• PROBLEM STATEMENT
Repeat the lines of the data exactly and exclude any picture among them.

Start of DATASET EXCERPT

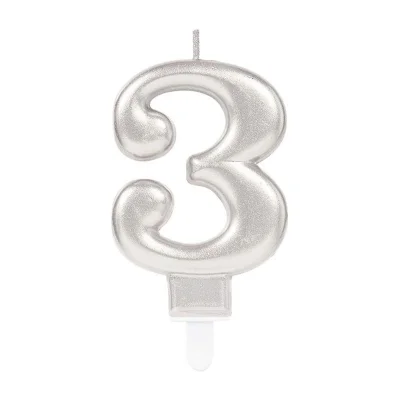 BUĞZ 3 Rakam Mum Gümüş Renk Bx40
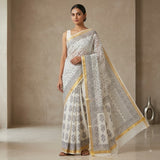 Handcrafted Off-White Kota Doria Block-Printed Saree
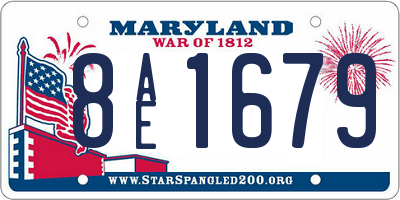 MD license plate 8AE1679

End of DATASET EXCERPT

• RESPONSE TO THIS EXERCISE
 BUĞZ 3 Rakam Mum Gümüş Renk Bx40
 Handcrafted Off-White Kota Doria Block-Printed Saree
 MD license plate 8AE1679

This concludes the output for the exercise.